Invoking a Service in a REST Manner

Archived Content
This article is provided for historical perspective only, and may not reflect current conditions. Please refer to relevant product page for more up-to-date product information and resources.
  • By Deepal Jayasingha
  • 21 Nov, 2007

Introduction

 Axis2 has a very convenient API for invoking or interacting with a remote service. The API consist of two sub APIs called ServiceClient and OperationClient. ServiceClient is intended for novice/regular users who only need to send and receive some XML. Whereas OperationClient is intended for advanced users who want to do additional tweaking with the message. Irrespective of the client API we use to invoke the service with, if the default configuration is used, then the wire format of the message is SOAP/XML.

However when using the REST style of service invocation then the wire message would not be a SOAP message, but rather a simple XML or Plain Old XML (POX) message.

Just to get a feel for how REST works, the easiest way is to start with a sample. So let's say we have a service called Calculator hosted in Axis2, and assume that it has a method called Add. Then the service class will look as follows.

public class Calculator {     
public int add(int arg0, int arg1) {
         return arg0 + arg1;
     }
 }

We can deploy the service using a single line as shown below. You'll need to add the .jar files from the Axis2 distribution to your classpath to compile and execute the  code samples in this  tutorial.

import org.apache.axis2.AxisFault;
import org.apache.axis2.engine.AxisServer;
public class QuickServer {
     public static void main(String[] args) throws AxisFault {
         new AxisServer().deployService(Calculator.class.getName());
     }
 }

Whn you run the QuickServer class, it deploys the service and starts the SimpleHTTPServer on port 6060. Now if you go to http://localhost:6060 you will see the following in the browser.

Browse out put

First let's try to invoke the service without writing a single line of code. In simple terms, try to invoke the service using a browser. Open a browser and type the following in the address bar.

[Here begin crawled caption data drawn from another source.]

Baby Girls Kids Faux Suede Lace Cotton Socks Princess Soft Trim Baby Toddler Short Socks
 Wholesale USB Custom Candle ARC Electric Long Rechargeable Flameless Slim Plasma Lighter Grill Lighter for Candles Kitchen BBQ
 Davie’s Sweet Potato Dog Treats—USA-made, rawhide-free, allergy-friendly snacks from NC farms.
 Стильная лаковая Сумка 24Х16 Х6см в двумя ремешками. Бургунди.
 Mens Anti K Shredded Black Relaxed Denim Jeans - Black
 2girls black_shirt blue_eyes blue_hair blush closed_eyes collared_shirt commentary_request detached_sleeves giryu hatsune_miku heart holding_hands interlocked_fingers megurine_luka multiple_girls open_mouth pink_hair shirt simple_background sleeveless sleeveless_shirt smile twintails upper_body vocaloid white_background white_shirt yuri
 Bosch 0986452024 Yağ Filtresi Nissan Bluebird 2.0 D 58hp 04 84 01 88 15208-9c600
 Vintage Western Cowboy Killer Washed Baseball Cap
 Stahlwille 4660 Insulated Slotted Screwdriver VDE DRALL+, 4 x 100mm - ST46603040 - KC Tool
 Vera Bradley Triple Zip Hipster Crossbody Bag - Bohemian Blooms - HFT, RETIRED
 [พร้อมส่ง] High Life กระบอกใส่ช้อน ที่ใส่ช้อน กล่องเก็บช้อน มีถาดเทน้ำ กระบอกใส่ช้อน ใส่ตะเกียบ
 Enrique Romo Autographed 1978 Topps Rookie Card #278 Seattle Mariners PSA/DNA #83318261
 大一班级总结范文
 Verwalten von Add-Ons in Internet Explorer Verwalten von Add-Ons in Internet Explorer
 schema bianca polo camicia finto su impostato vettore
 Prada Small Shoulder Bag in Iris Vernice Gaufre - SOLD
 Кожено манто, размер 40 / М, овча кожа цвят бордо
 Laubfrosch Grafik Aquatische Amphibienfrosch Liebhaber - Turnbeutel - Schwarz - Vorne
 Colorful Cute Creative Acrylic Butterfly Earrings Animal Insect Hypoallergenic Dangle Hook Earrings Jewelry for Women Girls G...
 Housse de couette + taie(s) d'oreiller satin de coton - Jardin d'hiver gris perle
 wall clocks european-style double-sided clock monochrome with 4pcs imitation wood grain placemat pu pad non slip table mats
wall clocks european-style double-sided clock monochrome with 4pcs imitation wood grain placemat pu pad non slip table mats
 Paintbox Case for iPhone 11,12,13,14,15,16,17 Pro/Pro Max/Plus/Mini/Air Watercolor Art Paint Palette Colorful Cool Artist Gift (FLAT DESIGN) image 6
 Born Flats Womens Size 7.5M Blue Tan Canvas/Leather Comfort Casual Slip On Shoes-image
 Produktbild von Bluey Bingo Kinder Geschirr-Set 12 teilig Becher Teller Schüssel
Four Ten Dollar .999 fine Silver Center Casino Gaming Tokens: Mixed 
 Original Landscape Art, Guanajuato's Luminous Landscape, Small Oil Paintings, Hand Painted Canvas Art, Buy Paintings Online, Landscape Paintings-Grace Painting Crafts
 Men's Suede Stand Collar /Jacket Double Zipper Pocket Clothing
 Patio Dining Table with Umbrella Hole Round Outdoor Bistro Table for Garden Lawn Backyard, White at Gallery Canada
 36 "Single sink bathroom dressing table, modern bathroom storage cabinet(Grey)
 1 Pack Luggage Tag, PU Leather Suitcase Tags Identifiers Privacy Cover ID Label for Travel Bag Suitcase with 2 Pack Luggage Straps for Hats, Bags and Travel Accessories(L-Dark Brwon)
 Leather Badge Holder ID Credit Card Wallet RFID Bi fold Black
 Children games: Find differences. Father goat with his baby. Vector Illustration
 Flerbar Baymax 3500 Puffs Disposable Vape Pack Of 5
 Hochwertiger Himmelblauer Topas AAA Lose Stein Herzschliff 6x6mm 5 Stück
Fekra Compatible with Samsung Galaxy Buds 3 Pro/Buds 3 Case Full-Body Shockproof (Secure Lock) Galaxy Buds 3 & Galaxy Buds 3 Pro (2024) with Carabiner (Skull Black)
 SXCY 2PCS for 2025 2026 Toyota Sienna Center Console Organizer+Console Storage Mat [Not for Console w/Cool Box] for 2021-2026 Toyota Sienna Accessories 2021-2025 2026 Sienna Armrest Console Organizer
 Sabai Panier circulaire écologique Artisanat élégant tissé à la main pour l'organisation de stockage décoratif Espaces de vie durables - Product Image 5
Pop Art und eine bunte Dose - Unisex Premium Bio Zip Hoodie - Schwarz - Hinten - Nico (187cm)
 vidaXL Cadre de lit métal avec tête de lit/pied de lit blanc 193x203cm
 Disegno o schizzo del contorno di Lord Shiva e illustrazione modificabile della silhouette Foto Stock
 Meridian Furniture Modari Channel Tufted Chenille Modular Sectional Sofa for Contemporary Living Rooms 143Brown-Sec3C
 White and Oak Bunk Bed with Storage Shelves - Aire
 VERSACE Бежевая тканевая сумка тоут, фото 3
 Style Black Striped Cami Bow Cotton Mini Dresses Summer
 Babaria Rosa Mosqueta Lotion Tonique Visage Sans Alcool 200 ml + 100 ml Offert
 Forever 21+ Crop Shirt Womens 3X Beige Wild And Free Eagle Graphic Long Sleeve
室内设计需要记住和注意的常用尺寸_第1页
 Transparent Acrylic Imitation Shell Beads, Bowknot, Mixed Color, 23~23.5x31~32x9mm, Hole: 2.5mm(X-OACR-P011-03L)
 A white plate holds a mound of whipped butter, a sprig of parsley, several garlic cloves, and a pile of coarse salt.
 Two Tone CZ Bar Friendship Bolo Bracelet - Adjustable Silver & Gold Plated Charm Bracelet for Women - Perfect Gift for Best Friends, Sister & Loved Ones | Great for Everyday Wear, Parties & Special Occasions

http://localhost:6060/axis2/services/Calculator/add?arg0=10&arg1=20

You should see the following response in the browser, which you can see is the sum of the 2 arguments you passed as parameters in the URL.

<ns:addResponse>
   <return>30</return>
</ns:addResponse>

As you can see, you deployed the service and invoked it in a REST manner. So you can see that when a service is deployed in Axis2, it enables both SOAP and REST interfaces for it. Therefore, you can invoke the same service in a REST manner or a SOAP manner.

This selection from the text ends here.